Monitoring the Health of KurrentDB Clusters Part 1

Tony Young

•Sun Oct 05 2025

Intermediate Kurrentdb Monitoring Metrics Grafana Prometheus Operation Infrastructure Maintenance Projection Subscription Best Practices

A healthy KurrentDB cluster is vital for the performance and reliability of your systems. Proactive monitoring helps you detect and resolve potential problems before they escalate into outages.

This two-part series will guide you through the essential aspects of monitoring a KurrentDB cluster. In part 1, we’ll dive into metrics-based monitoring, covering key performance indicators from IOPS and memory to CPU and disk utilization. In part 2, we’ll explore log-based monitoring and share general tips for maintaining cluster health.

Note that this guide is based on KurrentDB Server version 25.0. For the full and latest version of this guide, please visit Kurrent Documentations’s Monitoring Best Practices Page.

Background

When monitoring the health of a KurrentDB cluster, one should investigate and alert on multiple factors. Here we discuss them in detail

Metrics-based Monitoring

The items in this section can be monitored using metrics from KurrentDB’s Prometheus endpoint / Grafana dashboard, or via metrics from the operating system / machine / cloud provider

IOPS

One should monitor IOPS usage to ensure it does not increase over 80% of allocation. This should take place at the operating system or machine level

One should also evaluate IOPS bursts during extremely heavy periods, start of day / week, etc. to ensure they do not cause exhaustion. This should take place at the operating system or machine level

Finally, monitoring reader queue lengths would help organizations understand if IOPS are exhausted as these queues will continue to grow in length, meaning the server never catches up with all read requests. This should take place using Kurrent’s Grafana Dashboard

Reader Queue Lengths

At the first signs of IOPS exhaustion, customers are advised to increase their IOPS limits

Memory Utilization

As a database, we seek to use memory efficiently for improved processing. Organizations should perform a memory capacity confirmation test to establish baseline utilization, and monitoring should be performed to look for deviations from this baseline.

Further, monitoring at the operating system level to ensure that memory utilization does not exceed 85% of physical memory helps mitigate allocation exceptions

Garbage Collection Pauses

Garbage collection monitoring is largely concerned with gen2 memory, where longer-lived objects are allocated. The length of application pauses for compacting garbage collection of this generation should be monitored using the Kurrent Grafana Dashboard. Steadily increasing durations may eventually cause a leader election as the database will be unresponsive to heartbeats during compacting garbage collections. Monitor this metric to be below the configured Heartbeat Timeout value (default is 10 seconds, so for most customers, 8 seconds should be appropriate)

Garbage Collection Pauses

To mitigate the impact of compacting garbage collection, KurrentDB 25.1 and above automatically uses the ServerGC algorithm.

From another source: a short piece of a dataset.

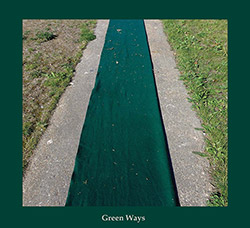 O'Dwyer, Aine / Graham Lambkin: Green Ways [2 CDs]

If you are using a version of KurrentDB below 25.1, it can be enabled with the following environment variables:

DOTNET_gcServer set to 1
DOTNET_GCHeapHardLimitPercent set to 3C (which is 60 in HEX)

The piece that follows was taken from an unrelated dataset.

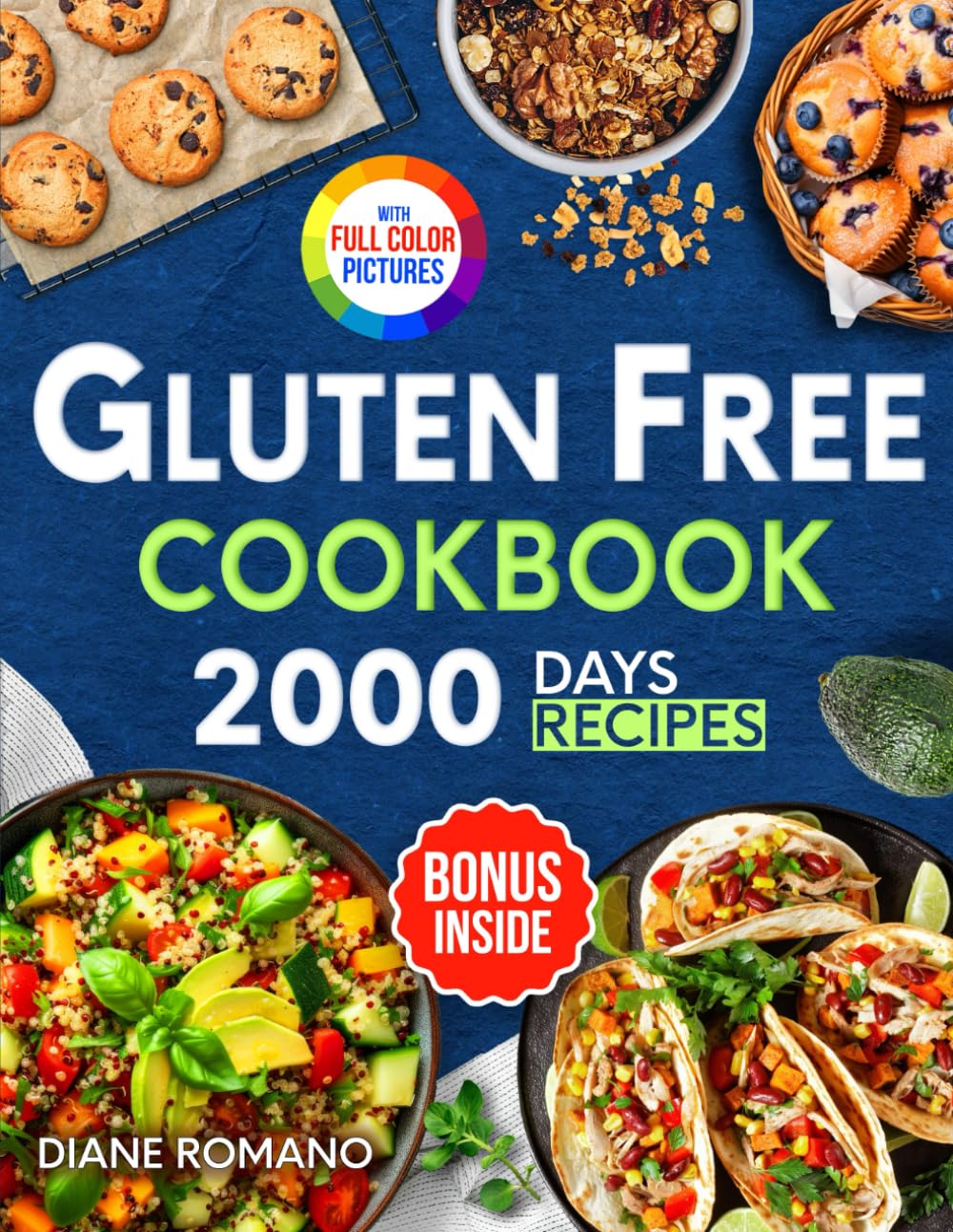 Gluten Free Cookbook: 2000 Days of Easy and Flavorful Recipes to Manage Celiac Disease, Cut Gluten, or Simply for Healthy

On startup, KurrentDB will log that it is using ServerGC:

[64940, 1,07:15:04.489,INF] EventStore                     GC:                       3 GENERATIONS IsServerGC: True Latency Mode: Interactive

CPU Utilization

To avoid thrashing, monitor sustained CPU utilization remains below 80%. This can be done at the operating system level, or on the Kurrent Grafana Dashboard

CPU Utilization

Disk Utilization

Kurrent recommends that organizations configure separate disk locations for logs, data, and indexes to avoid one impacting the other. Monitoring of these spaces should be at the operating system level. Ensure that log and data disk utilizations are under 90%. Index disk utilization should be under 40%, as additional disk space is required when performing index merges

Projection Progress

Organizations should monitor the Kurrent Grafana Dashboard to ensure that the Projection Progress is close to or at 100% for each projection. This ensures that projections are not falling behind, and keeping pace with appends to the database

Projection Progress

If your Projection Progress is decreasing, contact Kurrent Support for analysis and recommendations to mitigate

NOTE: On large databases, this metric could show as 100% but still in fact be far behind due to the number of significant digits when dividing large numbers

Stopped Projections

Stopped projections do not execute, and should be monitored to ensure all components of your database are operational. Use the Kurrent Grafana Dashboard to see which projections are stopped, investigate the cause, and resolve

Stopped Projection

Persistent Subscription Lag

To ensure timely delivery of events to subscribers, we monitor Persistent Subscription Lag through the Kurrent Grafana Dashboard. Persistent Subscription Lag should be as close to 0 as possible to ensure that persistent subscriptions are caught up and checkpointed

Persistent Subscription Lag

Queue Times

Queue Times tell an organization how long an item is waiting to be processed. There are several queues, including Reader, Worker, Projection, Subscription, and more. Queue times should be monitored using the Kurrent Grafana Dashboard, ideally maintaining steady queue times with no large spikes or upward trend

Queue Times

If your queue times are increasing, it may be a sign that your hardware is undersized

Cache Hit Ratio

KurrentDB maintains internal caches of stream names to speed up reads and writes. Use the Kurrent Grafana Dashboard to monitor Cache Hit Ratio, and aim for a value of 80% or above to ensure the right stream pointers are kept in memory for streams currently being read / written

Cache Hit Ratio

If your Cache Hit Ratio is below 80%, or declining, consider increasing the StreamInfoCacheCapacity configuration parameter to keep more streams in memory. Be aware that this can increase memory usage and GC pauses.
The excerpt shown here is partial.